ACCRA 13 Dec - Turn-out and expectations were high Monday as fisheries experts began a five-day regional training workshop on the use of scientific models that could guide governments in managing fisheries resources in the Guinea Current region.EwE high table

“As custodians and stewards of these natural resources, you have the solemn responsibilities of ensuring perpetuity in their exploitation,” Mr. Nii Amasah-Namoalley, Ghana’s deputy minister of Food and Agriculture, told participants at the opening.

He said the workshop, whose overarching goal is to strengthen the capacities of the GCLME countries to manage marine resources sustainably by using the ecosystem approach, was “very appropriate” in that it was consistent with key aspects of the Millennium Development Goals.
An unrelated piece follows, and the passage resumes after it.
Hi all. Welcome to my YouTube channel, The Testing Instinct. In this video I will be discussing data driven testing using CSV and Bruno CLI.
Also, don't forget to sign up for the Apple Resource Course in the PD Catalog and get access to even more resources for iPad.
These are to eradicate extreme poverty, hunger and to attain environmental sustainability.

Fish resources, he added, support some 150 million coastal west and central Africans, providing them with relatively cheap sources of animal protein, with employment, income and potential tourism activities.
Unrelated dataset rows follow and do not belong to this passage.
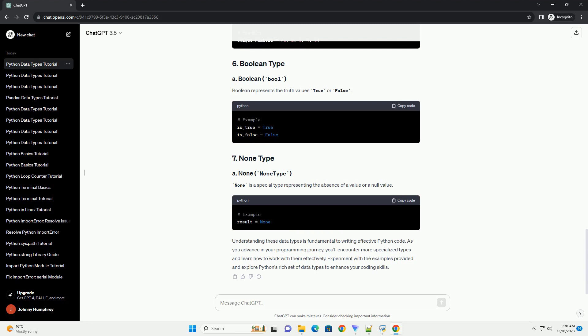Understanding these data types is fundamental to writing effective Python code. As you advance in your programming journey, you'll encounter more specialized types and learn how to work with them effectively. Experiment with the examples provided and explore Python's rich set of data types to enhance your coding skills.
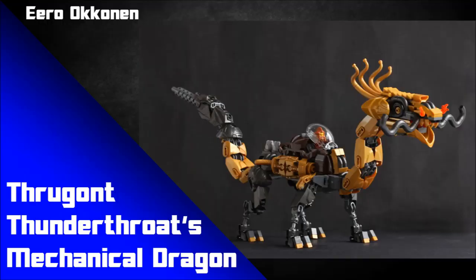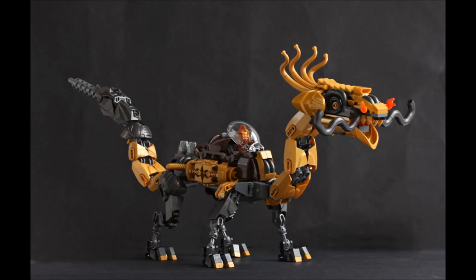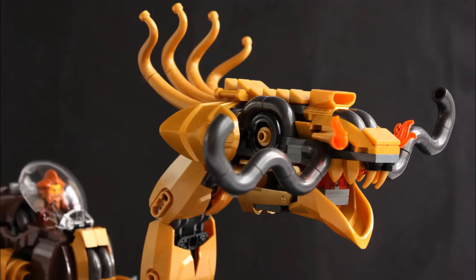The first MOC is by Eo Okanonen and is called Thugrot Thunder Throats Mechanical Dragon — a cool name. What's awesome about this is the repeated use of pipe or macaroni piece elements, which you can see specifically on the whiskers of this dragon. Layering them in that manner looks fantastic, and you can also see them near the cockpit area. Repeating pieces on a MOC gives you consistency and a more unified, coherent look.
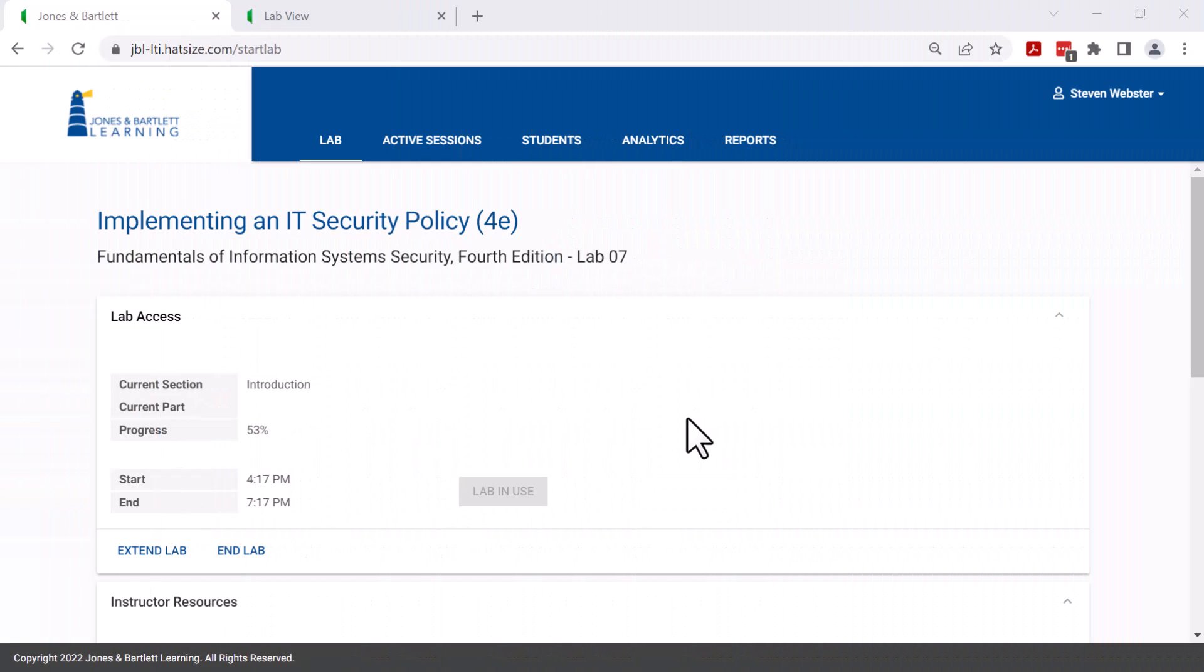Welcome to the library of video support for using the Jones and Bartlett Learning CloudLabs. In this video, we will provide an overview of lab operations. The user interface you see here is used in all the Jones and Bartlett Learning CloudLabs. Let's get started.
Despite some effort at management of the fisheries and the environment, the region continues to grapple with declining population numbers of these resources (fish stocks), largely caused by over-exploitation worsened by inadequate fisheries management practices and environmental degradation.

Reversing these trends is one of the tasks of the Interim Guinea Current Commission under its Large Marine Ecosystem project (IGCC/GCLME). One of the strategic aims of GCLME project, therefore, is to build human resource and institutional capacity in the region for ecosystem modelling of their marine ecosystem using the Ecopath with Ecosim (EwE) suit of models. The workshop will specifically focus on model construction using data from individual GCLME countries initially and later the whole of the GCLME marine coastal waters as single entity. This is the object of the workshop that began Monday in Accra, the Ghanaian capital, attended by all but one of the 16 GCLME countries representatives.

EwE group photo

“Your presence is a clear manifestation of the importance you placed in the IGCC/GCLME project and confidence reposed in its implementation,” said Dr. Stephen Donkor, executive secretary/regional coordinator of the IGCC/GCLME on the level of turnout.

Participants at this workshop, the second of its kind for the GCLME region, will learn how to use the Ecosystem model, Ecopath with Ecosim and construct a model based on their own country data. Emphasis will be for each participating country to input its own fisheries, environmental, socio-economic, and governance data into the model and test its applicability. Participants will also learn how to identify and gather relevant data from national institutions for fitting Ecopath to the national or regional Economic Exclusive Zones. It is the anticipation of the GCLME project that, for sustainability purposes, at the end of the workshop, the participants would impart their acquired skills to colleagues on returning home.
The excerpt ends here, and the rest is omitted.